Exactly as they stand, repeat the lines from the one containing "HAM Group refuelling" through the final line of the listing, both ends included, and nothing else; skip the pictures.

***** Given data

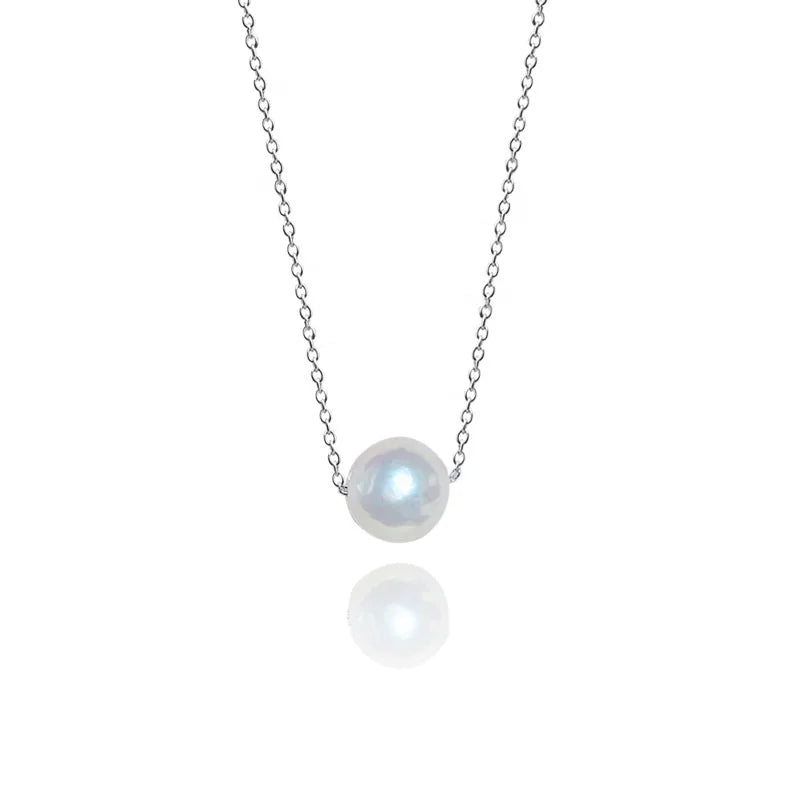 Haiyang Baroque Freshwater Pearl Necklace Sterling Silver 925 Gold Plated Freshwater Pearl Pendant Necklace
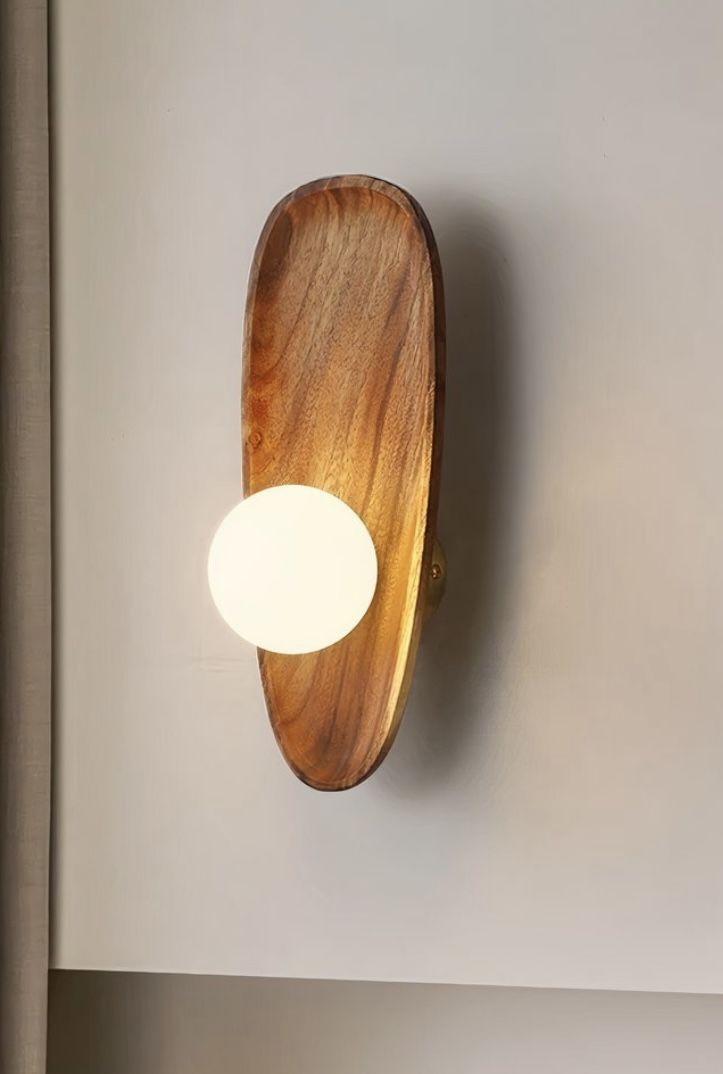 Wooden Oval Wall Light (Sculpted Panel Design)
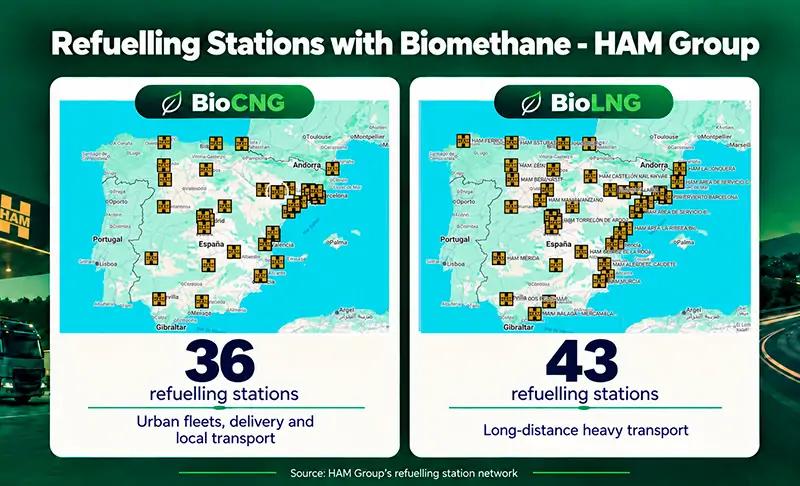 HAM Group refuelling stations offer exclusively biomethane, in the form of Bio-LNG and/or Bio-CNG.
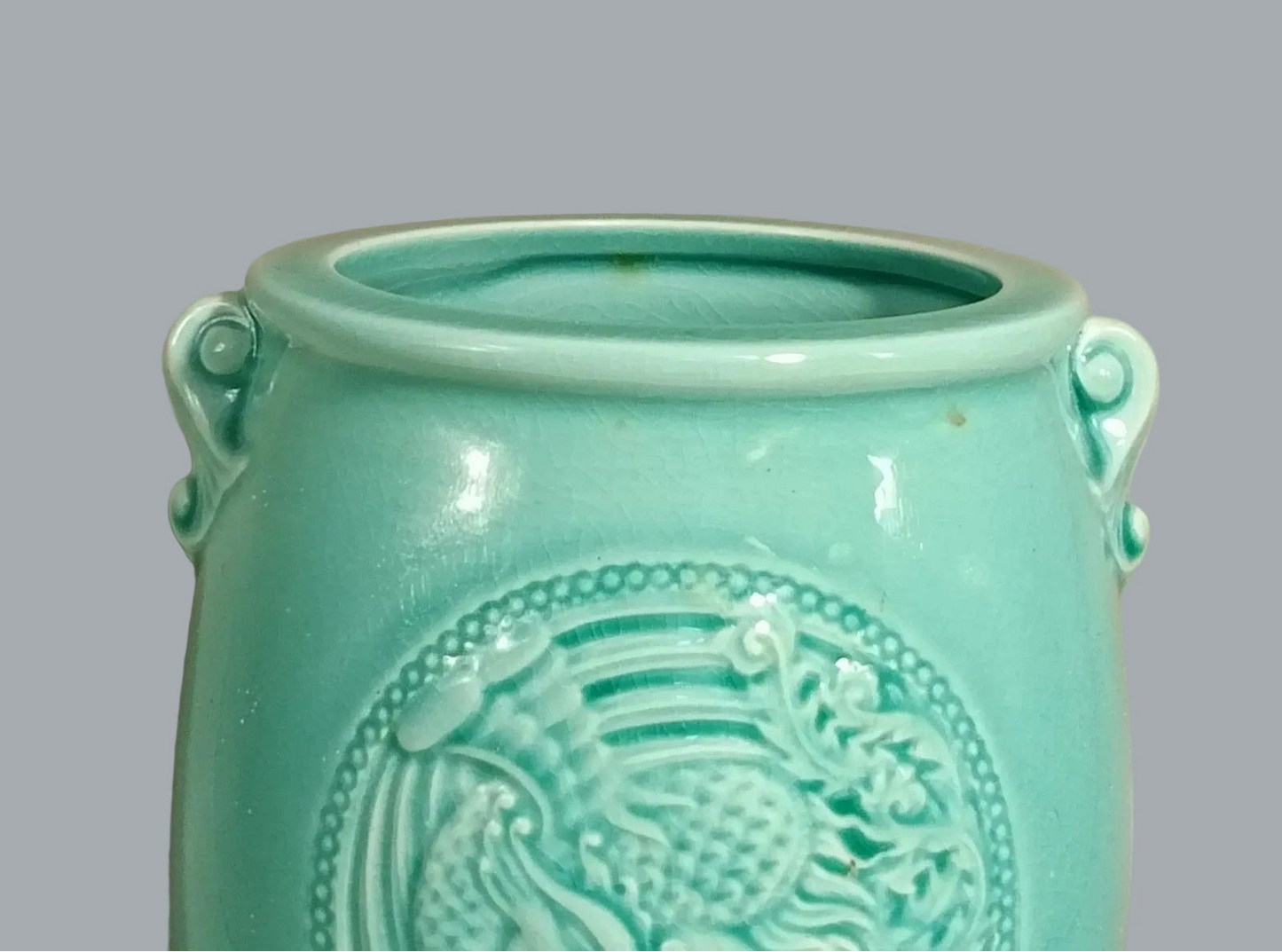 Vintage Celadon Dragon Phoenix Vase Crackle Glaze 5" Turquoise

**********

▶ [Answer to this exercise]
 HAM Group refuelling stations offer exclusively biomethane, in the form of Bio-LNG and/or Bio-CNG.
 Vintage Celadon Dragon Phoenix Vase Crackle Glaze 5" Turquoise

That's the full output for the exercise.